ACTIVITY: Please write out all of the records below exactly as they appear.

START INPUT MATERIAL

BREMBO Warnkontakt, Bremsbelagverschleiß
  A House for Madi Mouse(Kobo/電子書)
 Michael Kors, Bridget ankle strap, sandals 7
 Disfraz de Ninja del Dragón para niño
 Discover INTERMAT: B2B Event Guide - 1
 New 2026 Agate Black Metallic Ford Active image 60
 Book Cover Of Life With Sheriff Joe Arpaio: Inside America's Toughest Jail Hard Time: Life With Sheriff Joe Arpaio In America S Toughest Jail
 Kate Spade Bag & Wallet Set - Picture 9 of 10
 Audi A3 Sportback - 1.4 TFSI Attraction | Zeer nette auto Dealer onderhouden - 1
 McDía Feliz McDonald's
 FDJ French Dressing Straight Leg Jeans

END INPUT MATERIAL

TASK RESULT:
BREMBO Warnkontakt, Bremsbelagverschleiß
  A House for Madi Mouse(Kobo/電子書)
 Michael Kors, Bridget ankle strap, sandals 7
 Disfraz de Ninja del Dragón para niño
 Discover INTERMAT: B2B Event Guide - 1
 New 2026 Agate Black Metallic Ford Active image 60
 Book Cover Of Life With Sheriff Joe Arpaio: Inside America's Toughest Jail Hard Time: Life With Sheriff Joe Arpaio In America S Toughest Jail
 Kate Spade Bag & Wallet Set - Picture 9 of 10
 Audi A3 Sportback - 1.4 TFSI Attraction | Zeer nette auto Dealer onderhouden - 1
 McDía Feliz McDonald's
 FDJ French Dressing Straight Leg Jeans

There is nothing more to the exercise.